Bloomsbury (2020) p/b 208pp £18.35 (ISBN 9781848859203)
This little book, part of the ‘Understanding Classics’ series edited by Richard Stoneman, is claimed by the author in her preface to have been ‘conceived and written not for professional scholars but for amateur students of the classics and the general reader.’ True, but too modest. Simply written with a refreshing absence of academic jargon, this is indeed an excellent companion for those coming to Virgil for the first time, even if they are not going to read him in Latin; but at the same time, those who know (or think they know) Virgil may well find insights and angles they have not thought of.
There are just five chapters. The first covers what we know, and can guess, about Virgil’s life and times, the effect on him of living through three-plus decades of almost continuous civil war followed by the hope of final peace after Actium, the people who were important to him whom he refers to in his poetry, the classical and cultural influences on him. This leads to three chapters dealing in turn with the Eclogues (K. calls them the Bucolics, more correctly, explaining that an ‘eclogue’ strictly refers to a single poem `extracted’ from the set), the Georgics and the Aeneid.

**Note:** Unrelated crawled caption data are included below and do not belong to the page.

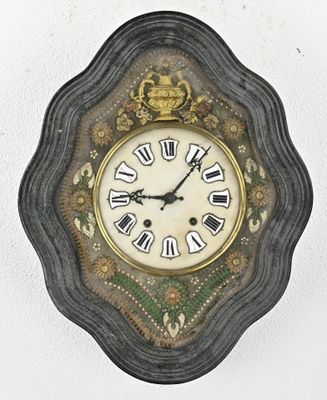 a clock with roman numerals on the face of it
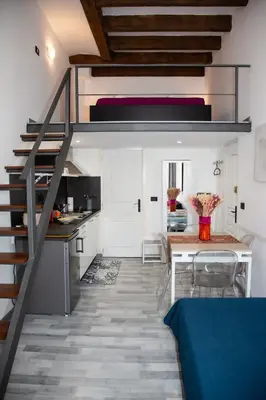 a kitchen and dining room with a staircase in a house at Sweet Holiday by Connexion in Cannes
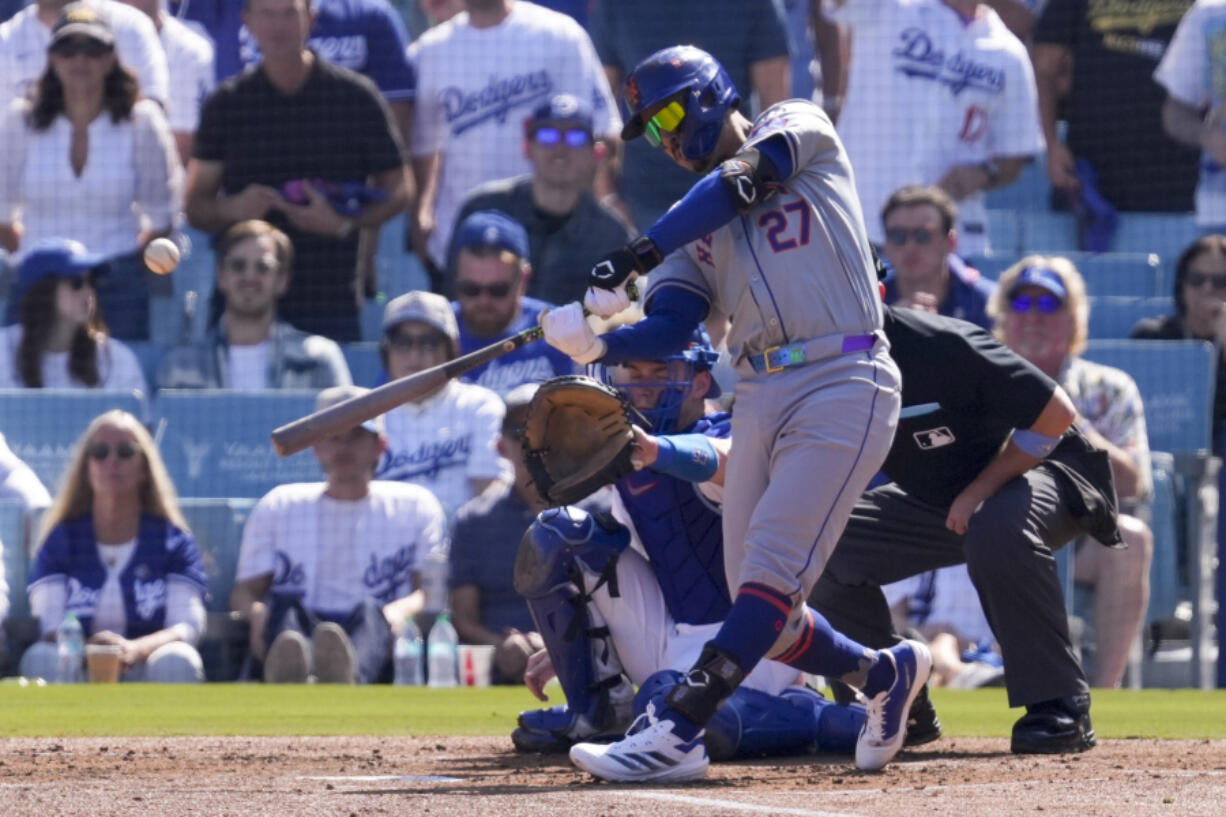 New York Mets&#039; Mark Vientos connects for a grand slam home run against the Los Angeles Dodgers during the second inning in Game 2 of a baseball NL Championship Series, Monday, Oct. 14, 2024, in Los Angeles. (AP Photo/Mark J.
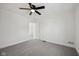 Bright, carpeted bedroom with a ceiling fan and an open doorway to another room at 3645 N Delaware St, Indianapolis, IN 46205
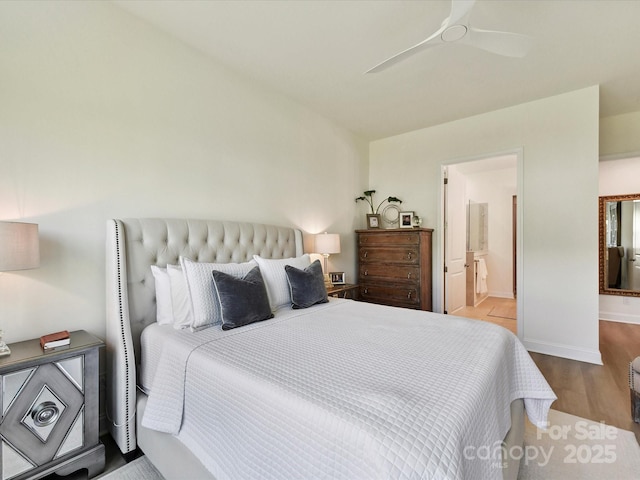 1120 Idyllic Ln, Waxhaw, NC 28173 - bedroom featuring wood finished floors, connected bathroom, and a ceiling fan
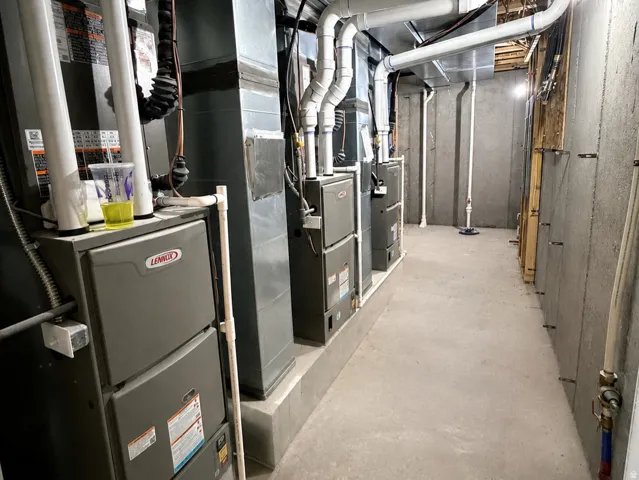 Multiple HVAC units on raised platforms with exposed ductwork and piping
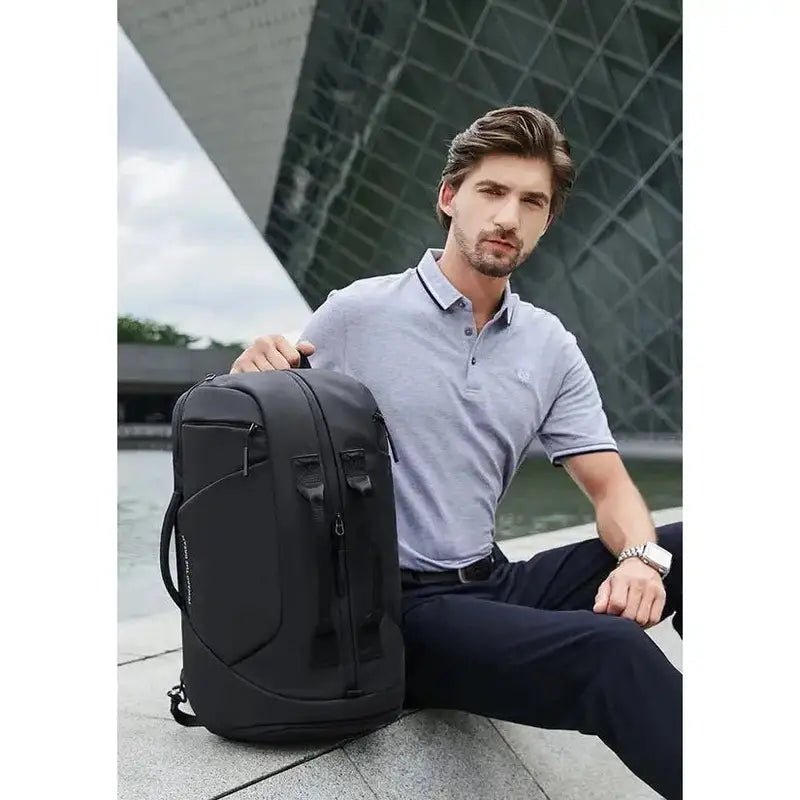 Sac à dos ordinateur professionnel noir avec plusieurs compartiments pour le voyage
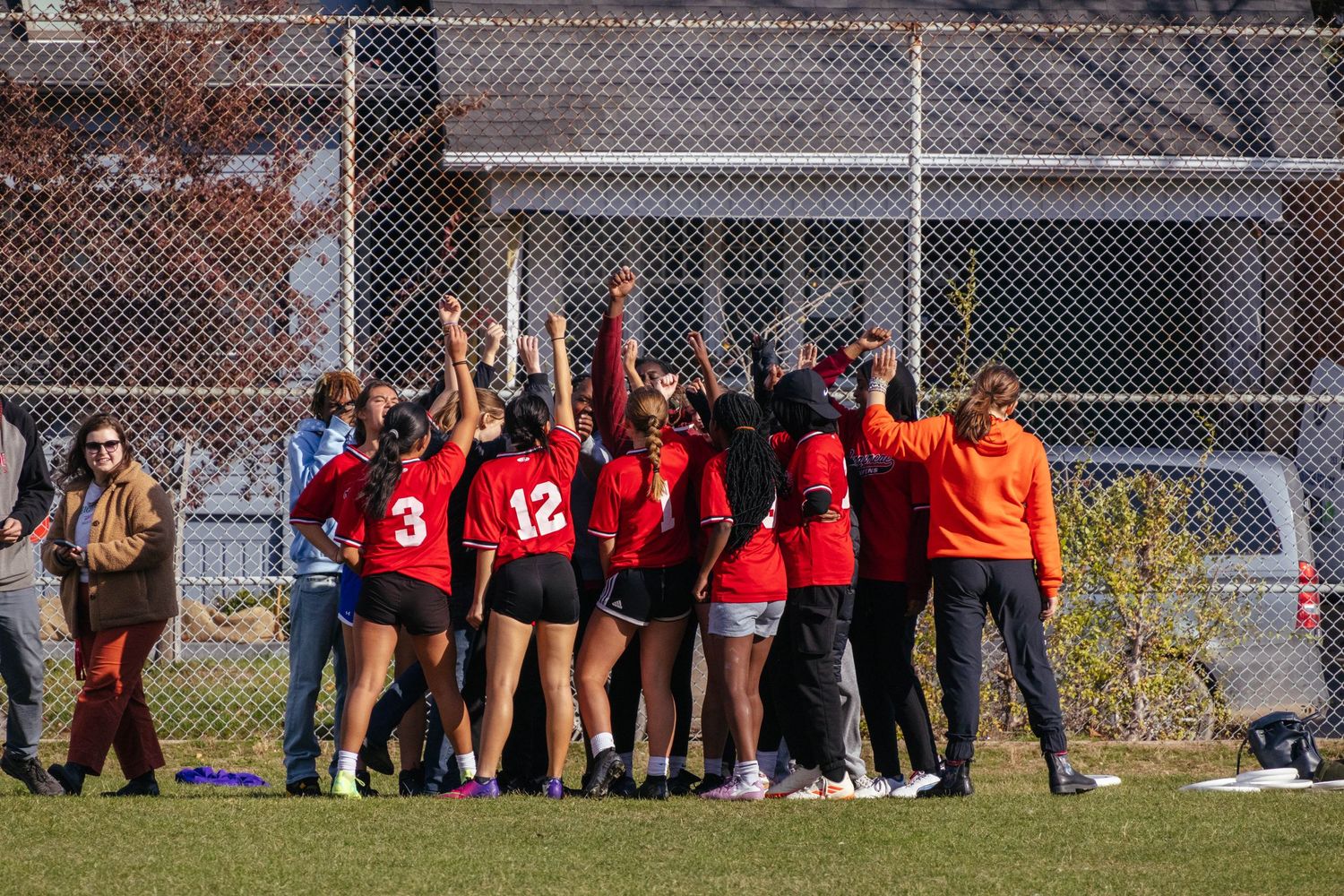 Athletic team in red uniforms huddling together on a grass field during an outdoor sports event.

The subtitles given to divisions of the three central chapters indicate how K. structures her exploration of each poem: for the Eclogues, ‘Theocritean Bucolic’, ‘History and Politics’, ‘Epicurean Music and Leisure’, ‘Virgil’s Poetry Book’; for the Georgics, ‘The Didactic Tradition’, ‘The Philosophical Tradition’, ‘The Alexandrian Tradition’; for the Aeneid ‘The Homeric Tradition’, ‘History and Politics’, ‘Philosophy and Religion’. She dissects each poem in detail, extracting what we can discover about the influences which affected Virgil at each point: as K. herself puts it, ‘we shall explore the intersection of Virgil’s poetic, political and philosophical interests in each of the canonical works’. The final chapter, ‘Reception’, summarises Virgil’s literary influence and importance, starting from his own lifetime and continuing to the present day.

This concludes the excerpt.